One of the advisors is Kawashima (Susumu Terajima) who has to find out that one of the deceased is connected with his own past through a woman they both knew. Some kind of love triangle arises, because the advisor Shiori (Erika Oda) also has feelings for Kawashima...

Review: The idea behind "After Life" is simple and yet brilliant. Which memory would we want to take with us into eternity, if we had to choose? It is unavoidable for the viewer to ask himself this quesion more than once while watching the movie. There aren't many movies that can motivate to self-reflect and there are even less that will let you recall your past life. That's what "After Life" is about: memories! How many of them did we collect in our life and yet we rarely take the time to recall them and relive our best moments...

Hirokazu Koreeda's image of the after life is simple and fascinating. An old building which resembles a school and in which each of the deceased gets a room for one week. And just this simplicity is what makes the movie so worthwhile to watch. With its simple shots in hand camera style, a grainy picture and messy cuts, you often have the feeling to watch a documentation instead of a movie. The narration also adds to this impression, for example when the deceased are interviewed about their life. Especially at the beginning there is a lot of switching between the different persons.

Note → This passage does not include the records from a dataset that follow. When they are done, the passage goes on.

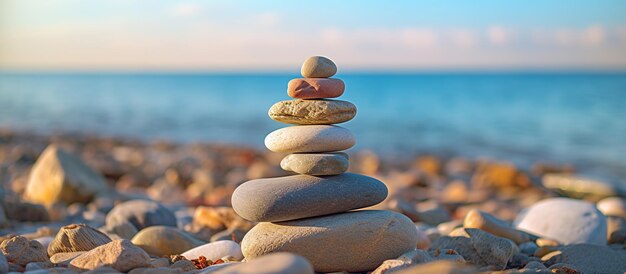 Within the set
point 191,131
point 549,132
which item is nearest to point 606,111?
point 549,132

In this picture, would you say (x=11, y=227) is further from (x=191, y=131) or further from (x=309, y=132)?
(x=191, y=131)

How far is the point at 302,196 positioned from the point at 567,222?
2974 mm

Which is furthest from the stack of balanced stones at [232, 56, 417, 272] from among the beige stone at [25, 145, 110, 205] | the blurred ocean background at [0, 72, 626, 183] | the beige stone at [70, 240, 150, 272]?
the blurred ocean background at [0, 72, 626, 183]

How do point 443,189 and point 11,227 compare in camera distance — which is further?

A deficit caused by this narration is that you're feeling an emotional distance to the events, just like it would be the case with a docu. Even though the actors are pretty good you can't identify yourself with anyone of them, and in fact you aren't supposed to. Furthermore, the pacing is often too slow and drags more than once. If you think of how nice it would have been to see some more of the individual memories, you have to ask yourself why the movie hasn't been packed a little bit more dense.

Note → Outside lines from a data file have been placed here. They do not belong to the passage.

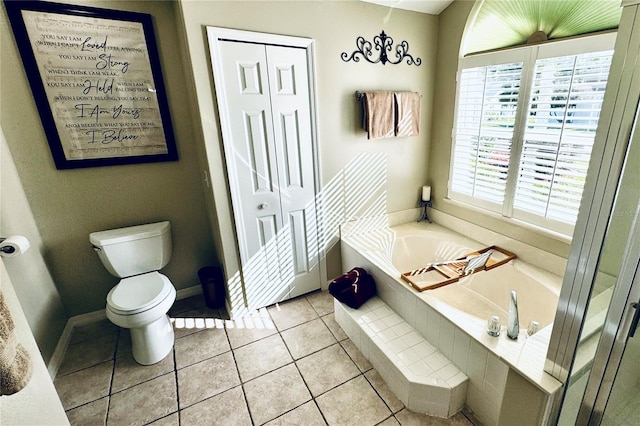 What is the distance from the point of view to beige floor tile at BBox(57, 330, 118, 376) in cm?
200

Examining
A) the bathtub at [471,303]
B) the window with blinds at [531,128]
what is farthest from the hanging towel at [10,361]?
the window with blinds at [531,128]

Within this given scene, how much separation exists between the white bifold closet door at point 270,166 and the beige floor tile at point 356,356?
69 centimetres

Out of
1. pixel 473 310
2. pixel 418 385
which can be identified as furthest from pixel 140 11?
pixel 473 310

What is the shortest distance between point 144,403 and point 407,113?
2.68 m

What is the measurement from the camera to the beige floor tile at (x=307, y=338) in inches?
80.9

While speaking of the actors: "After Life" has some familiar faces, but at least as much unfamiliar ones. It's obvious that some of the deceased are played by complete amateurs, but that's in no way irritating as it even adds to the credibility of the movie. There are also some characters that you learn to love while hearing their life story, despite the emotional distance.

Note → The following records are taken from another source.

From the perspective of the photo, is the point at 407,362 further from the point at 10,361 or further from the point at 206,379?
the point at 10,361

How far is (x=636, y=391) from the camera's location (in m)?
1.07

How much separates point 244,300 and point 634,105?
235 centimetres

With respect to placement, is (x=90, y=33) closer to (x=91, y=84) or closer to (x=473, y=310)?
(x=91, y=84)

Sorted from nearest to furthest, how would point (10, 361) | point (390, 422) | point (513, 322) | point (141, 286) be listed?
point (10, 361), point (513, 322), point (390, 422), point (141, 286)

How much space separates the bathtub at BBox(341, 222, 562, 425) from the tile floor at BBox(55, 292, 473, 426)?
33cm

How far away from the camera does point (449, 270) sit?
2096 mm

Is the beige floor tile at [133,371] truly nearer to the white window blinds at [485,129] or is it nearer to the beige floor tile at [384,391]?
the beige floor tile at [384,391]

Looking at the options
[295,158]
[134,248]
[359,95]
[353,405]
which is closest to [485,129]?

"After Life" lacks any form of abstractness as you would normally expect from a world after life. You most likely also won't find some difficult to understand metaphysical subtle messages. Koreda made sure to make a simple movie in all respects, and yet he succeeds making artistically appealing arthouse cinema.

Since "After Life" throws a lot of questions at its viewers, concerning the individual protagonists and their respective past, it is no wonder that there is more to the movie than the question which memory you would like to take with you into your after life.
Even so there are some inconsistencies or rather questions that are left unanswered. How can you get to a town to record some sounds for a special memory while you are the habitant of a world between this one and the next? Are the advisors some kind of ghosts? We know that they are dead, but why to they have to hold on their breath when going under water? Do ghosts really have to eat and drink? And why do the ghostly advisors only have amateurish resources for reconstructing memories? Maybe these questions aren't that important, but it flaws the overall picture.

"After Life" is a quite and documental movie about memories, death and the "paradise". The idea to choose for yourself which kind of paradise you want and just to be limited by your previous experiences and memories is great and nearly let's you instantly rush out the door to do something nice/memorable!
An innovative movie that demands from you do let yourself be sucked into it to fully aprecciate it, but which will give you in return some remarkable scenes that will be present in your head for quite a while.